Au niveau psychologique, il y a une réelle similitude entre la situation sud-vietnamienne, jusqu’au désastre de 1975, et la situation afghane. Ce qui est présenté ici comme une solution (la livraison massive d’équipements militaires) pourrait donc finalement s’avérer la cause du même désastre en Afghanistan. Les millions de cartouches de Kalachnikov et d’obus pour les canons de 105mm des chars T62 ne seront pas perdus pour tout le monde : les talibans, ou d’autres bandes anti-Karzaï, ou un Karzaï devenu anti-occidental, sauront évidemment s’en servir.
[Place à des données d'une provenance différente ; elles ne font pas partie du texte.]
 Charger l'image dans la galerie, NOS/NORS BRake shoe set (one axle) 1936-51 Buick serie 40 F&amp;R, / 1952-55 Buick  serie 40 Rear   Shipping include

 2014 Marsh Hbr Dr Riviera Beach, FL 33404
Les Nord-Vietnamiens surent, à partir de 1975, faire leur miel des arsenaux laissés à partir de 1972-73 par les Américains au Sud-Viet-nâm.

Il est possible que le rire des généraux russes ait eu aussi pour cause cette étrange revanche de l’Histoire d’une éventuelle défaite des Américains luttant contre Ben Laden en Afghanistan, après leur propre défaite infligée en 1985-88 grâce à l’aide US fournie aux “moudjahiddines” de Ben Laden. La tragédie se nourrit de la bouffonnerie de la farce.